Stock markets rise, unemployment drops and again America rushes into the fall season with an air of expectancy as to the remunerations held in store for it.
In the midst of this, God’s people are also faced with bounty on every side of them. Prosperity, not only in terms of the silver and gold with which we do our exchanging, but also in that we have a gift of supreme worth in Christ Jesus, our Mediator.
In particular we, as a distinct Reformed body, have a gift of the truth as we see it by the grace of God.
This is only a very small beginning in the enumeration of all the blessings bestowed on us. Truly the manifold number presents us with the realization, that certainly there can be no “recession” in the Christian’s economics of living. Psalm 1:3 reassures us of this in the words, “And he shall be like a tree planted by the rivers of water, that bringeth forth his fruit in his season; his leaf also shall not wither; and whatsoever he doeth shall prosper.”

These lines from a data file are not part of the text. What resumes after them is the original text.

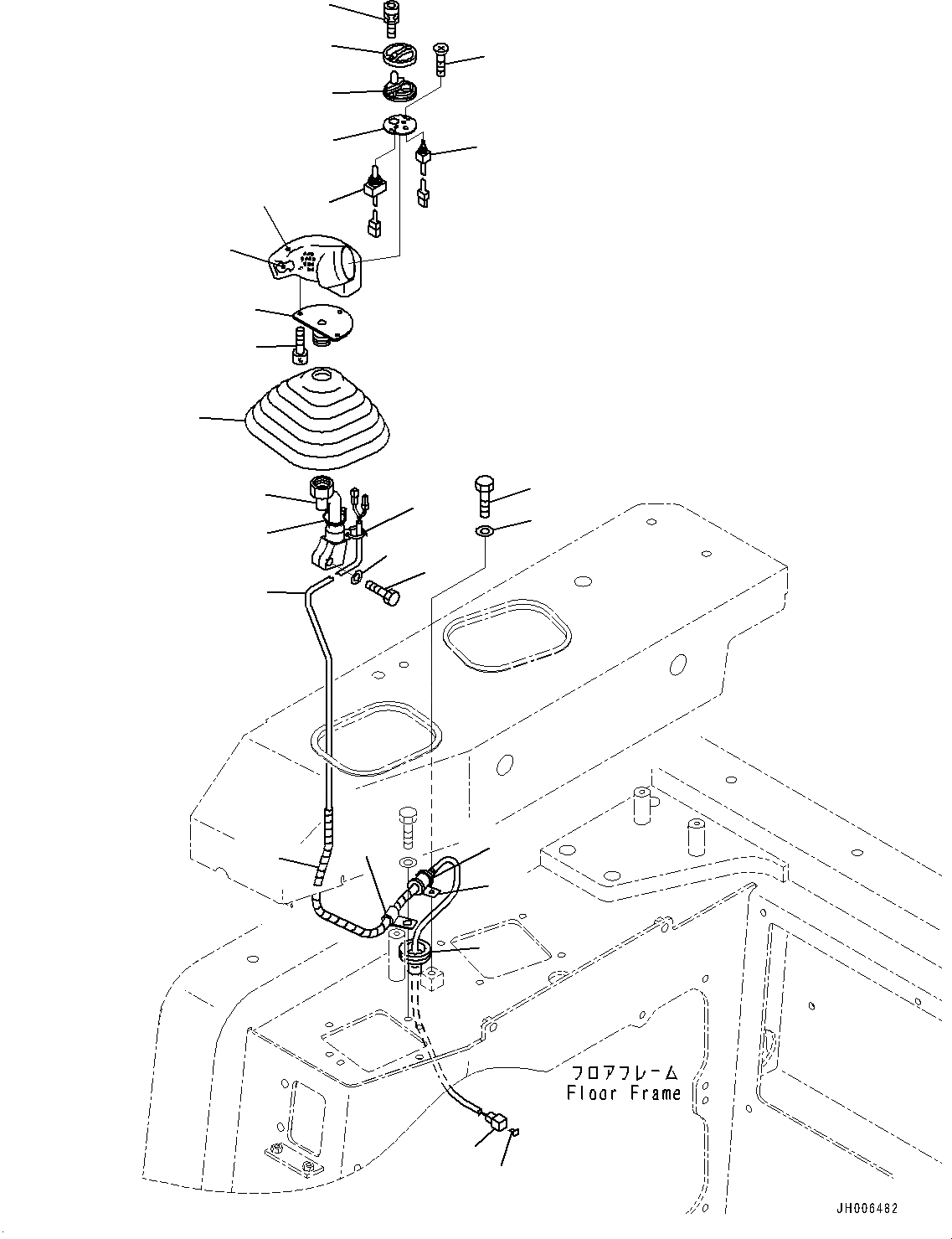 Схема запчастей Komatsu D275A-5R - ОСНОВН. КОНСТРУКЦИЯ, РЫЧАГ УПРАВЛЕНИЯ ОТВАЛОМ (№-) ОСНОВН. КОНСТРУКЦИЯ, С РЕГУЛИР. ГИГАНТСК. РЫХЛИТ, ДЛЯ ОТВАЛ С ДВОЙН. ПЕРЕКОСОМ, SHOE КОНТРОЛЬ ПРОСКАЛЬЗ-Я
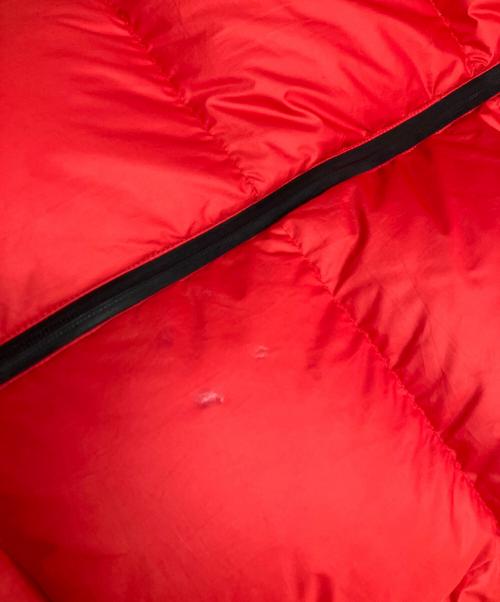 AVIREX（アヴィレックス）AVIREX (アヴィレックス) ダウンジャケット レッド サイズ:SIZE Mの古着・服飾アイテム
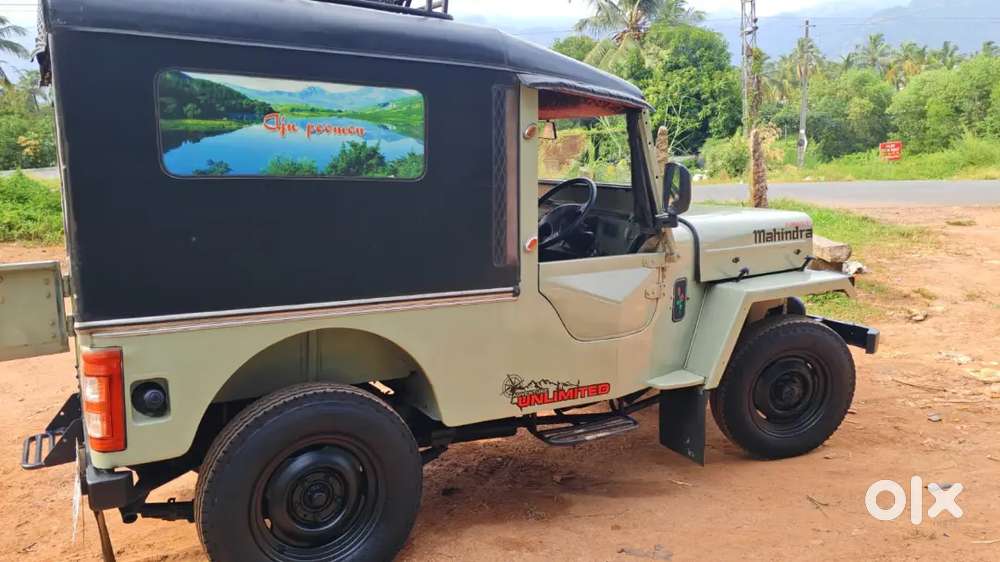 Mahindra Jeep Cj 1994 Diesel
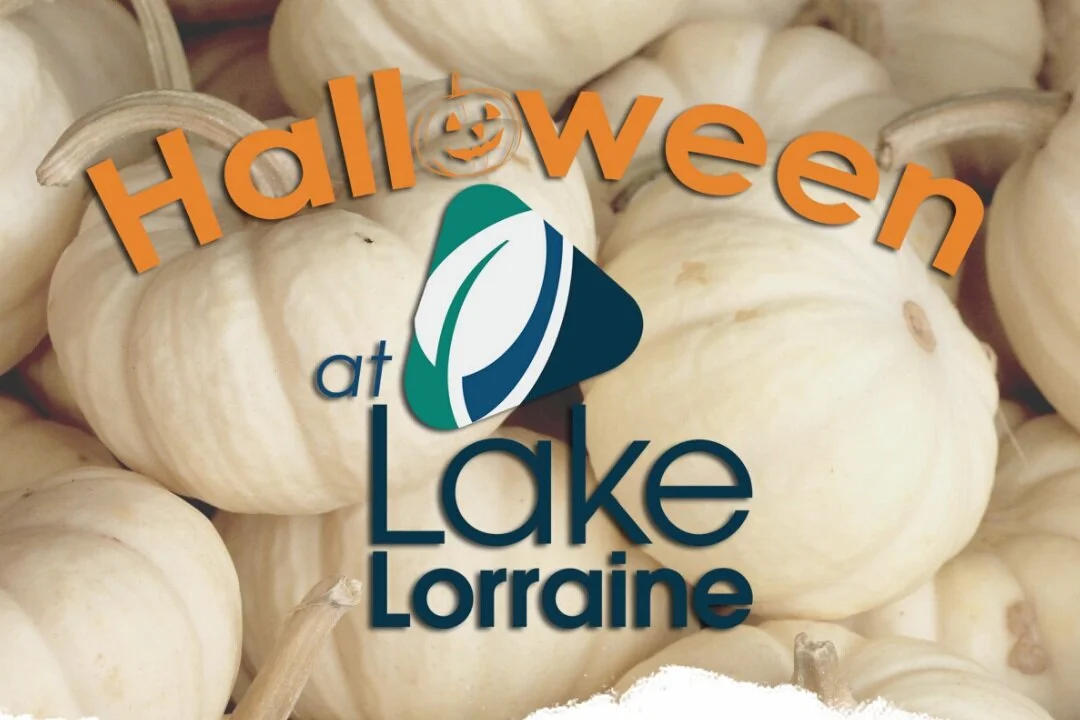 Updated Halloween at Lake Lorraine schedule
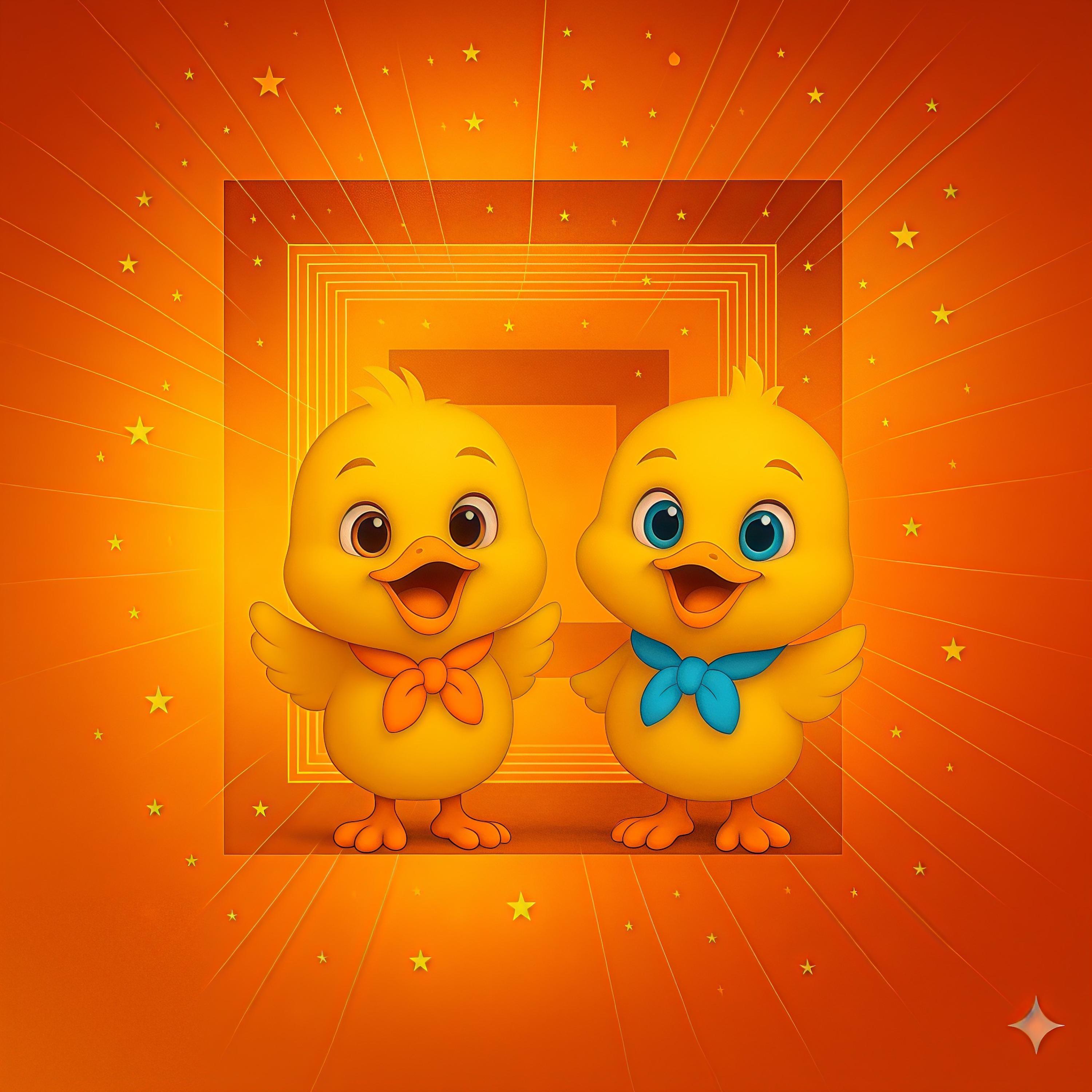 The Orange Blocks Song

This blessed and constant prosperity demands unceasing thanksgiving from the Christian for the grace bestowed on him. This is not a case where God needs man’s praise and thanksgiving. But rather, it is a willful desire of the Christian to show his heartfelt thankfulness in all humility.
Thankfulness is not an occasion for man to come before God in all his pride, wallowing in his ego and repeat before the Most High God that he is thankful for all his prosperity, while deep down within himself he confesses that he considers himself a “pretty good guy” and that God couldn’t have picked a better person to bless, for after all “I pulled myself up by my own bootstraps.” God hears it and rejects Cain’s offering.
Thanksgiving must he given in all reverence and sincerity.
The wicked can never give thanks because they never prosper, never did and never will. They hoard unto themselves large vasts of money and work for all the luxuries and goods for this earthly existence, but they can never prosper. Prosperity indicates favor and God will never find favor with the wicked. Their hopes are all in terms of time, whereas, the Christian finds his hopes in terms of eternity.
The Christian must always be aware of the fact that all this prosperity is only by grace from above and God is always near. It is so very easy to search out God when adversity besets us on every hand. Then, as soon as we regain our former status, we forget about God and lose ourselves in the hustle and bustle of the Twentieth Century.
God is a jealous God and demands thankfulness and tribute from His subjects – tribute both in prayerful thanksgiving and in the outward exercising of the giving of a portion of our material possessions each Sabbath. This means giving all that the Christian is able, not merely tithing when it is possible to give more. This means giving until it hurts – sacrificing. God demands tribute from every talent you have within you at all times. Hebrews 13:15 tells us, “By him therefore let us offer the sacrifice of praise to God continually, that is, the fruit of our lips giving thanks to His name.”
Philippians 4:6 exhorts us: “Be careful for nothing; but in everything by prayer and supplication with thanksgiving let your requests be made known unto God.” The Christian’s life task is found in giving thanks and praise unto his Creator. All thankfulness can only be given by the grace of God. For we are so inclined by nature to walk into God’s house and give thanks with the Pharisee, “God, I thank thee, that I am not as other men are: extortioners, unjust, adulterers, or even as this publican. I fast twice in the week, I give tithes of all that I possess.” Luke 18:11, 12.
The Christian’s thankfulness for prosperity also lies in eternity. It is thankfulness for a saving grace which assures us of eternal life. It reveals to us a far greater prosperity beyond this realm. Sorrow and sickness shall be strangers after we enter the pearly gates into the streets of gold.
Oh, what a prosperity to be thankful for! Is it no wonder we shall constantly he praising our Most High God in heaven?
Woe be unto the Christian if he can come to God only in adversity and becomes too involved in the materialism of prosperity to acknowledge God’s gifts to him in humility.